◆ Prompt
The pictures in the data below are to be omitted; all else must be duplicated exactly.

◆ Crawled caption data
· · · · ·
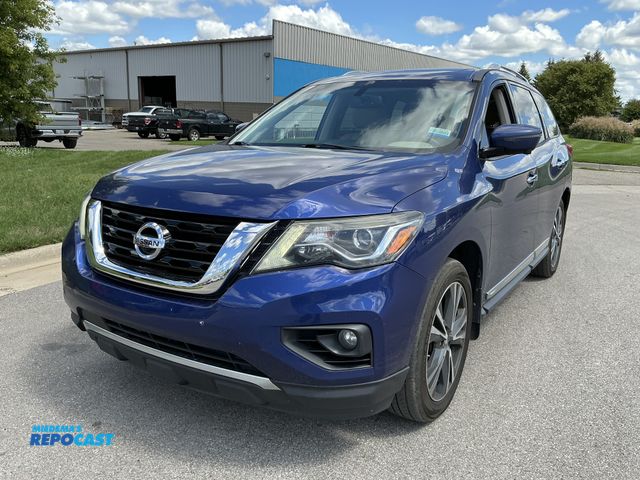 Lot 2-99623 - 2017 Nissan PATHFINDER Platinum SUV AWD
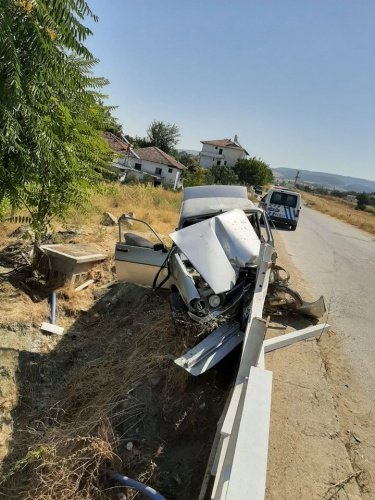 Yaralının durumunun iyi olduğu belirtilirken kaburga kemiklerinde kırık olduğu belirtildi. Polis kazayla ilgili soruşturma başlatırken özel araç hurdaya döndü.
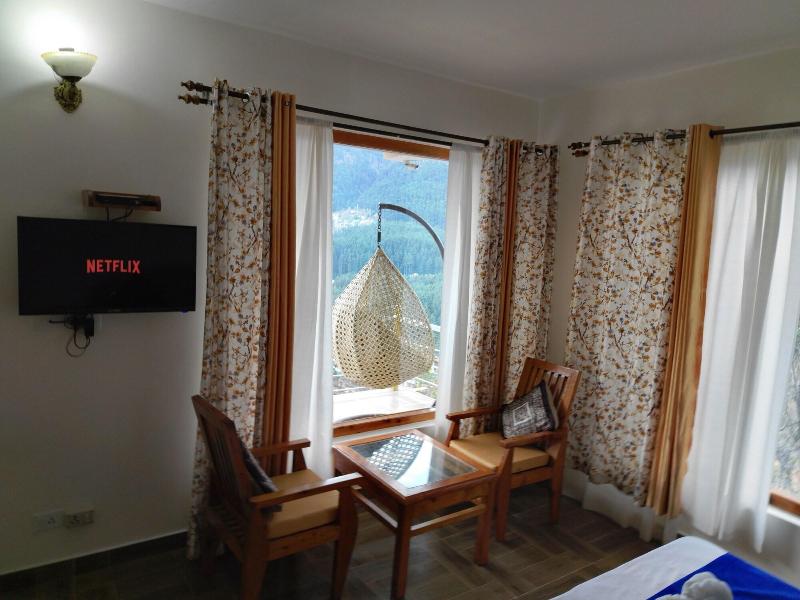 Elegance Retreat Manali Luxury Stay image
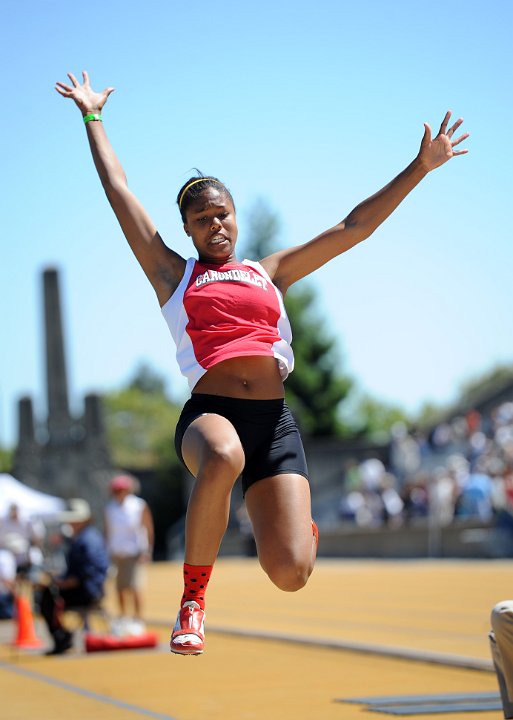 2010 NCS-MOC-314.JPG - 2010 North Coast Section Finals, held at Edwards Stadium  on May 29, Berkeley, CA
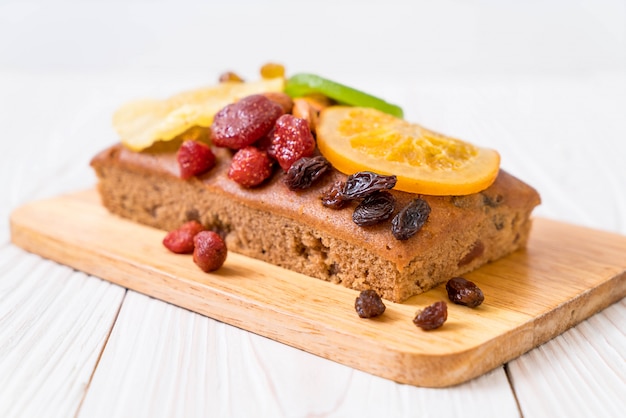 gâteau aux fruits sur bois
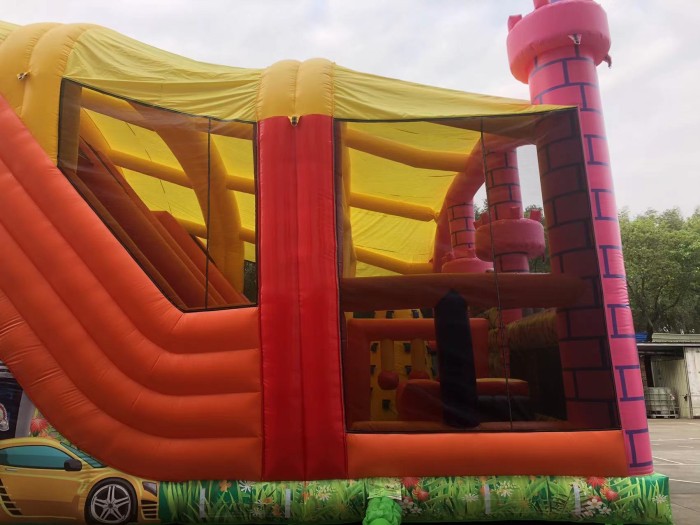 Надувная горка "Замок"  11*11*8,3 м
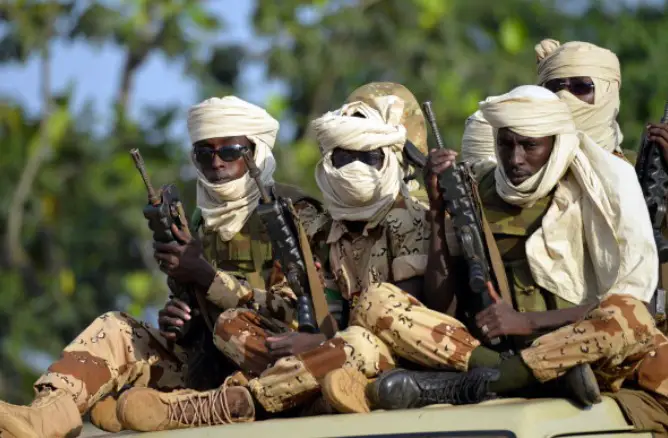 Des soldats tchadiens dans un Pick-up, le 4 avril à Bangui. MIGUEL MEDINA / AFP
· · · · ·
◆ Response below
 Lot 2-99623 - 2017 Nissan PATHFINDER Platinum SUV AWD
 Yaralının durumunun iyi olduğu belirtilirken kaburga kemiklerinde kırık olduğu belirtildi. Polis kazayla ilgili soruşturma başlatırken özel araç hurdaya döndü.
 Elegance Retreat Manali Luxury Stay image
 2010 NCS-MOC-314.JPG - 2010 North Coast Section Finals, held at Edwards Stadium  on May 29, Berkeley, CA
 gâteau aux fruits sur bois
 Надувная горка "Замок"  11*11*8,3 м
 Des soldats tchadiens dans un Pick-up, le 4 avril à Bangui. MIGUEL MEDINA / AFP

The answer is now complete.